How long does it take to refinish a guitar?
24-30 hours as a worse case scenario. It's intense.
That's a part time job! Dang.
It's fulfilling to finally have these things that were out of reach and to do it in my own way. I also love to create my own custom design where you can't get it anywhere else.
Bragging rights are pretty amazing.
How do you #staynerdy?
I've always loved trucks and cars. I've got RC cars. The same way I'd put all this time into building a guitar - the RC car can do things I'd want to do to a full size car but I can go in my backyard and get totally nerdy. I don't give a honk. Come at my bro! I like cats. They're cool. I think most of me is nerdy so it's hard to point out the "nerdy" part. I'm comfortable being me.

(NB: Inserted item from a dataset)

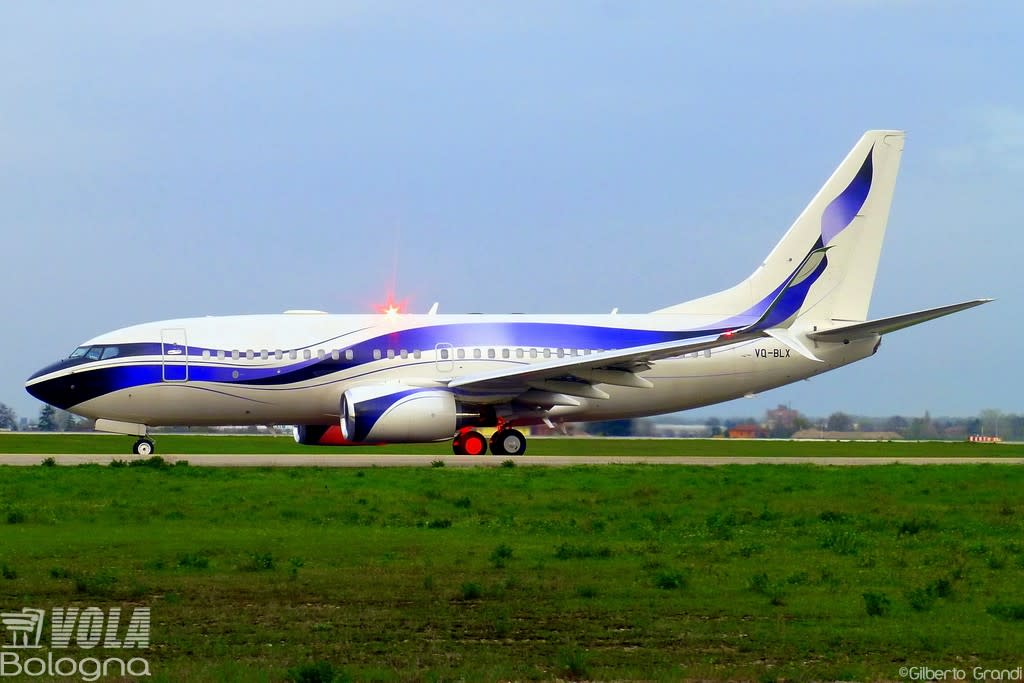 Gama Aviation  Boeing 737-7GV(BBJ) 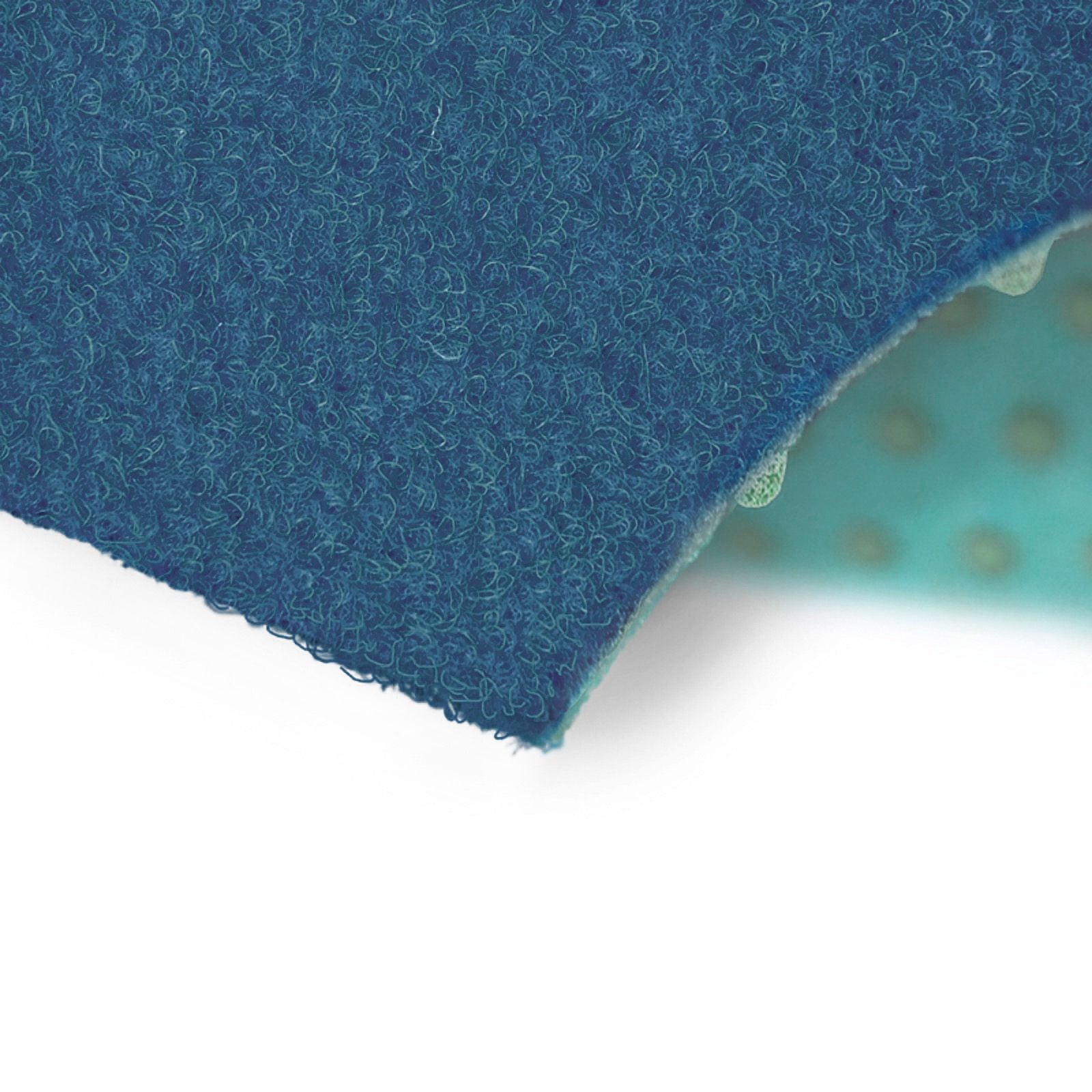 ✂ Rasenteppich Farbwunder | Blau | Ideal für Balkon und Terrasse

Genuinely - Seth is such an incredible dude. Not only is he passionate 110% about what he is doing - but he has remained humble and honest in the process. That says wonders about his character to me because how easy is it to change our ways when we reach a certain level of success? I hope you had as much fun as I did learning about this guy. Until next week - #STAYNERDY!
ADVENTURE OF THE WEEK
Some friends had a beach day at this place called Fiesta Island here in San Diego this last weekend. I tried a vegan hot dog for the first time and I really need to eat 30 more. I drank a lot of wine and hung out on the beach with Mercury all day and night. She loves the water so much! It was one of the best days I've had with friends in a long time - so I hope more adventures like that happen soon!
PERFECT HUMANS NEWS OF THE WEEK
Here is the first design from Stephen + I fully running Perfect Humans! I am so ecstatic about it. We will be releasing this series in THREE different colors too but the other two will remain a surprise until launched. What do you think?!
INTERVIEW ON DECK
I think this is my favorite picture from an interview yet! We look like a lil family who is having a blast on vacation. I interviewed Gentlemen Prefer Blood before the show at Tower Bar last week and have so much to share with you about it!